Au quotidien, les homosexuels continuent en outre de souffrir d’un profond rejet social et de l’hostilité ambiante.

« Etre homosexuel en Tunisie, c’est pire qu’avoir la peste », témoigne Mohamed Ali, 22 ans, l’un des étudiants arrêtés à Kairouan.

Le jeune homme se dit encore traumatisé par l’examen anal qu’il a subi sous le regard de deux policiers et par son passage dans une prison de Sousse (centre-est), où il raconte avoir été agressé et ridiculisé parce qu’homosexuel.

« Des détenus me forçaient à danser tout nu alors que les gardiens regardaient, amusés et complices », affirme-t-il.

Si le débat a le mérite d’exister, les réactions sont souvent houleuses et la violence verbale est régulière.

Sur une vidéo circulant sur internet, un imam de Sfax (centre-est) a récemment affirmé lors d’un prêche que si deux hommes étaient déclarés coupables de sodomie, ils devaient être condamnés à mort et exécutés en étant jetés du haut d’un bâtiment puis lapidés. Un mode d’exécution labellisé « Daesh », que le dignitaire assume parfaitement.

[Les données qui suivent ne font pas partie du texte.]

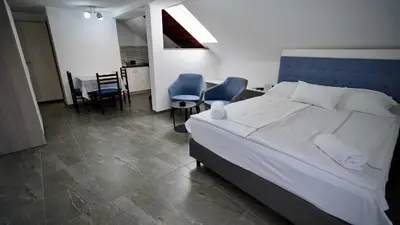 a bedroom with a bed and two chairs and a table at Apartmani Vila Katarina in Vrnjačka Banja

Devant le Parlement, un élu du parti islamiste Ennahdha, Abdellatif Mekki, a défendu la pénalisation de l’homosexualité en jugeant que l’autorisation de l’association Shams représentait « un danger » pour la paix sociale et « un péché majeur ».

Les partis dits progressistes se montrent, eux, très frileux sur cette question, quand ils n’y sont pas carrément opposés, de crainte notamment des retombées dans l’opinion publique.